Hedge funds upgraded despite slowing market

hedge fund hedge funds equity markets lonsec

14 December 2005
| By Zoe Fielding |

Four funds have been upgraded and there have been no downgrades in Lonsec’s latest hedge fund sector review, which excludes long/short equity funds.

Lonsec senior investment analyst Richard Everingham said there was a strong skew towards higher ratings in the hedge fund sector compared with other asset classes the researcher reviews due to the small size of the market.

“Usually in most sector reviews we do we’ll have a downgrade or two. In fact, it’s possibly more usual to have more downgrades than upgrades but this was different to most cycles,” he said.

Lonsec upgraded the ratings on the CFS Global Diversified Strategies Fund to ‘recommended’, while the HFA Diversified Investments Fund, Rubicon M&A Fund, and the GSJBWere Global Alpha Fund were bumped up to a ‘highly recommended’ rating.

Rated for the first time were the GSJBWere Multi Strategy Fund, the UBS Global Alpha Strategies Fund, and the Select Gottex Market Neutral Fund, which achieved ‘recommended’ ratings. The Challenger FM Global Hedge Fund also made its ratings debut with a rating of ‘investment grade’.

While HFA Diversified Investments Fund was the only candidate in the hedge fund of funds sector to receive a ‘highly recommended’ rating, all four funds in the single manager hedge fund segment — the BGI Global Markets Fund, the Basis Aust-Rim Opportunity Fund, the Rubicon M&A Fund, and the GSJBWere Global Alpha Fund — achieved ‘highly recommended’ ratings.

Five other funds received ‘recommended’ ratings, and two received ‘investment grade’ ratings.

Everingham said several industry themes and trends had also emerged from the review, including massive growth in hedge fund assets driven by institutional demand and the institutionalisation of many hedge fund of fund managers driven by the desire to attract institutional money.

He said there were also early signs that the growth in hedge fund assets has slowed.

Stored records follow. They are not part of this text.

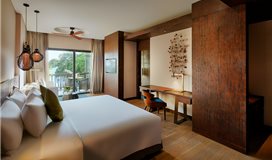 Deluxe Ocean View with Balcony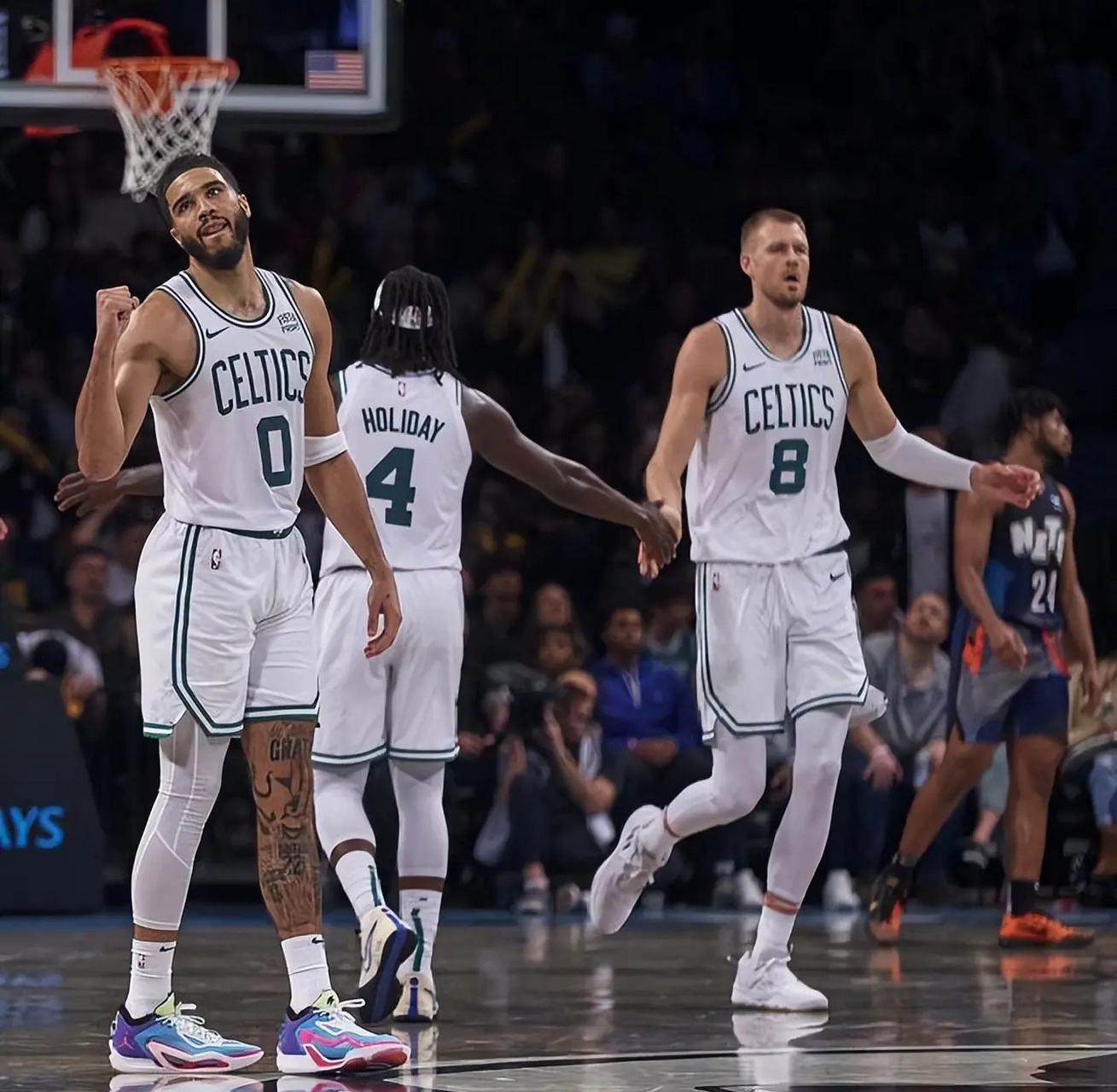 开云体育平台APP-凯尔特人轻取福建队,拉文惊艳四座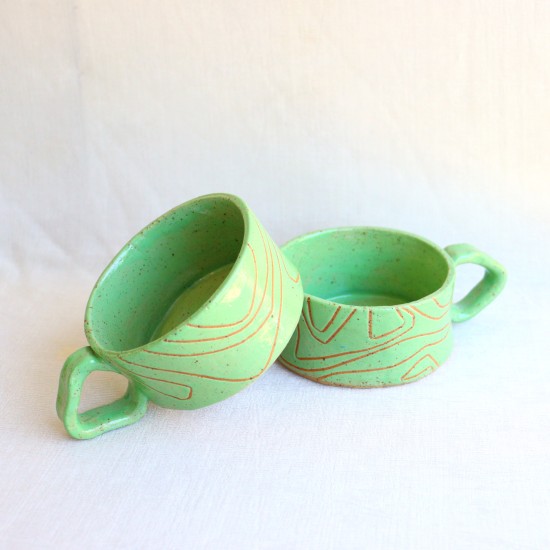 Fine line ceramic mug green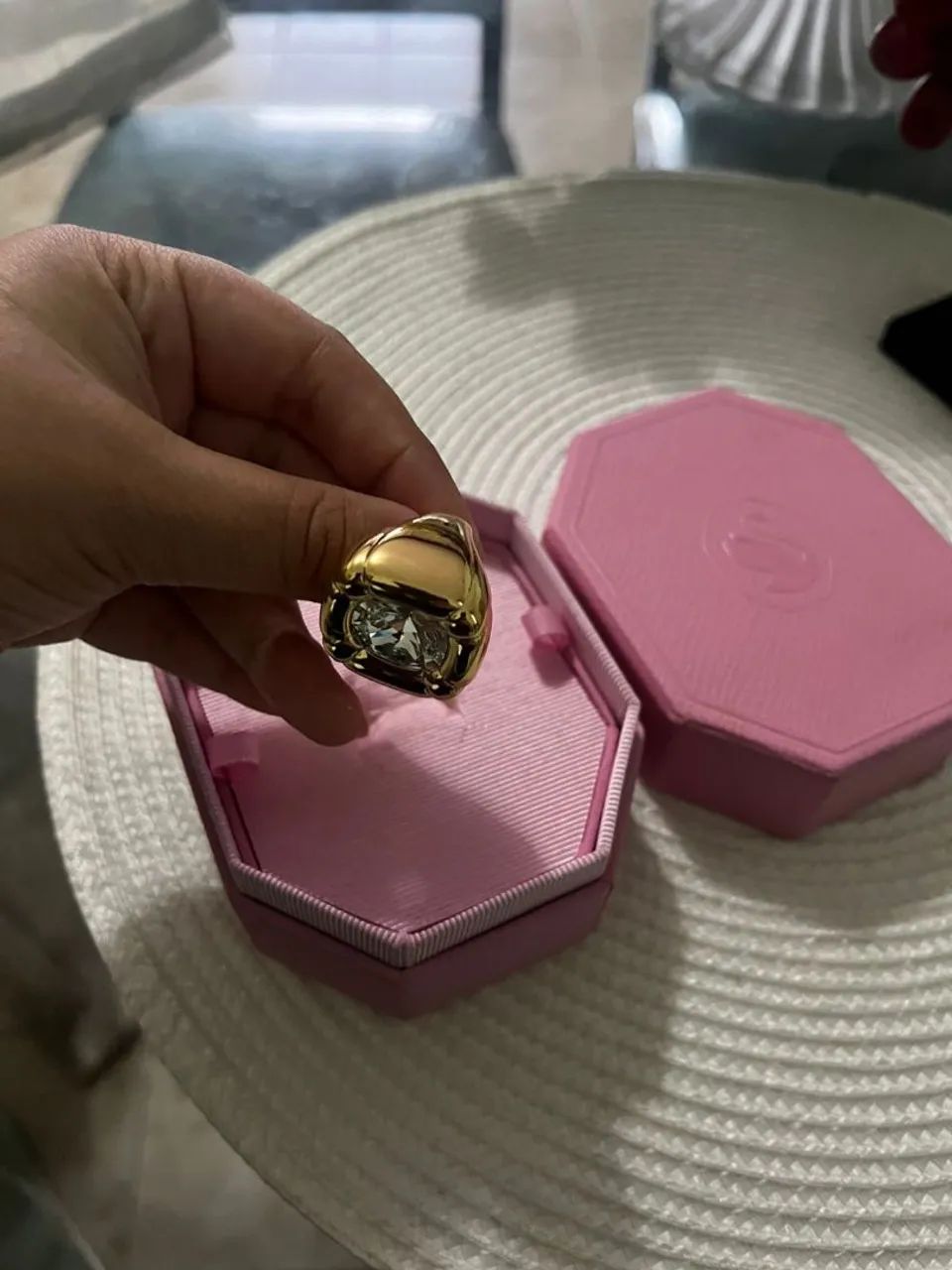 Anel swarovski dourado com ponto de luz prata  - Foto 4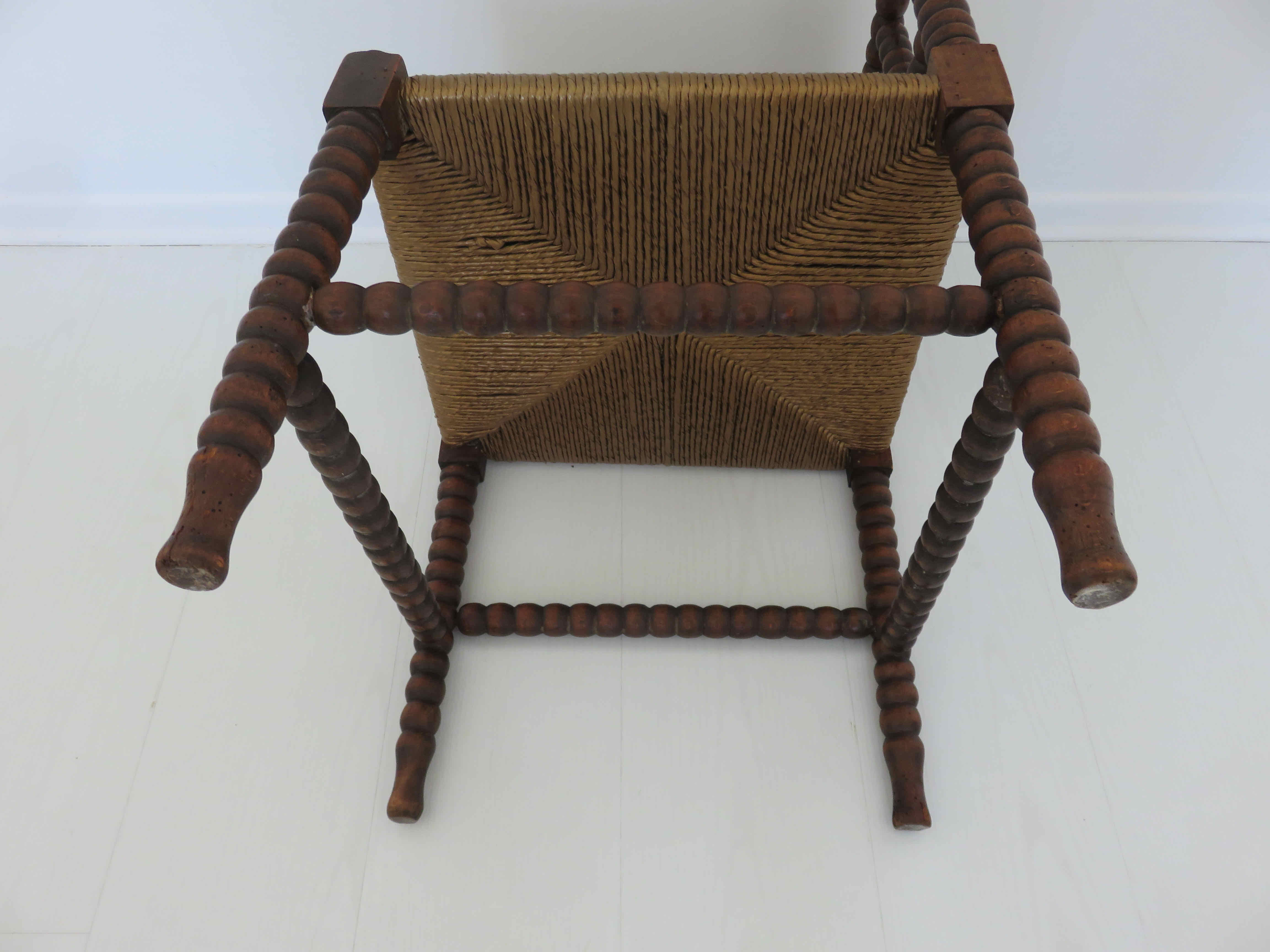 Corner chair in turned wood and straw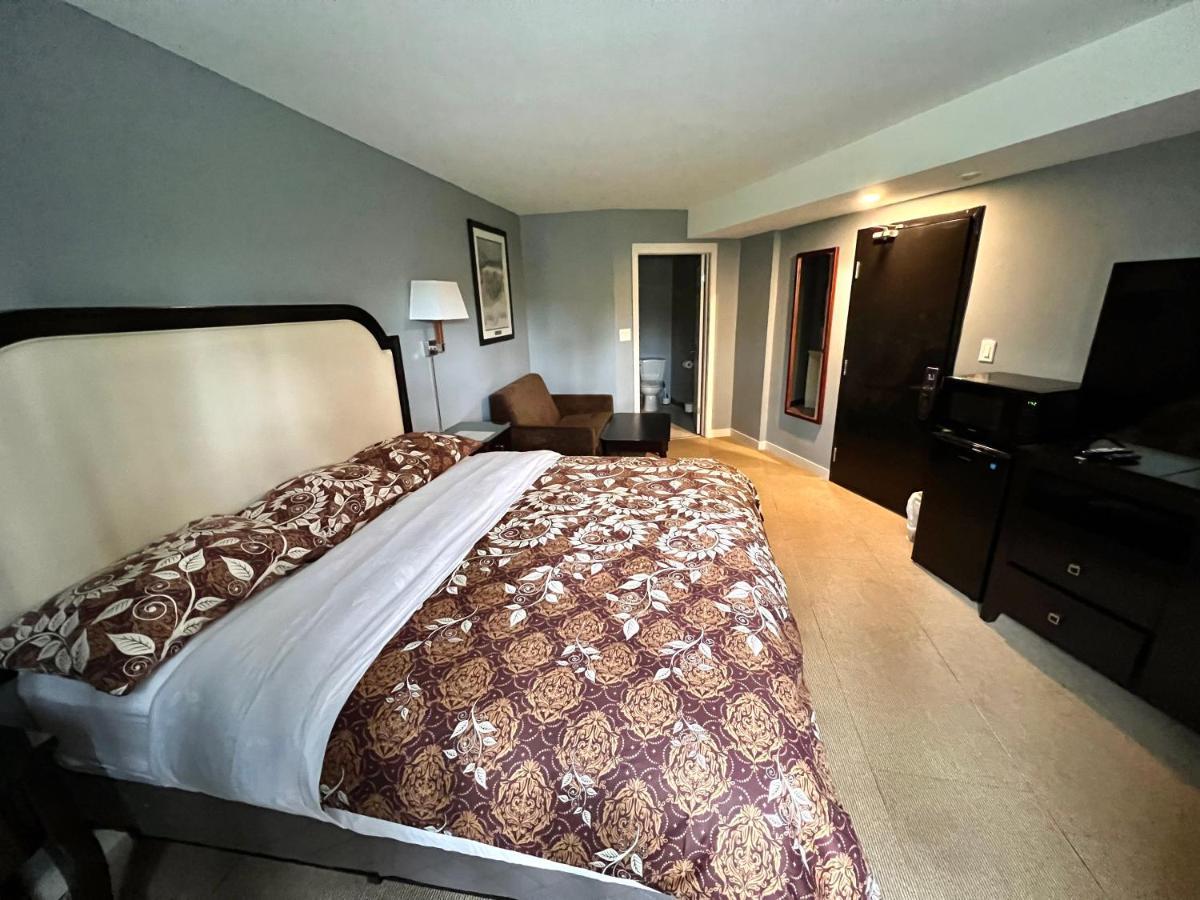 Hwy 17 Hotel 와와 외부 사진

“There are a couple of reasons for that. I think equity markets have now done well for the last couple of years so that perception is beginning to stick in terms of equities being a favourable asset class for growth but also … the relative value strategy section of the industry did have some tough months in the middle of the year mainly related to General Motors in the US.

“A number of hedge funds produced some poor returns or even closed and returned their money around that period and that acted as a bit of a break on fund inflows around that period,” he said.

Everingham said the next year was unlikely to produce the high levels of inflows that have been seen over the last two years.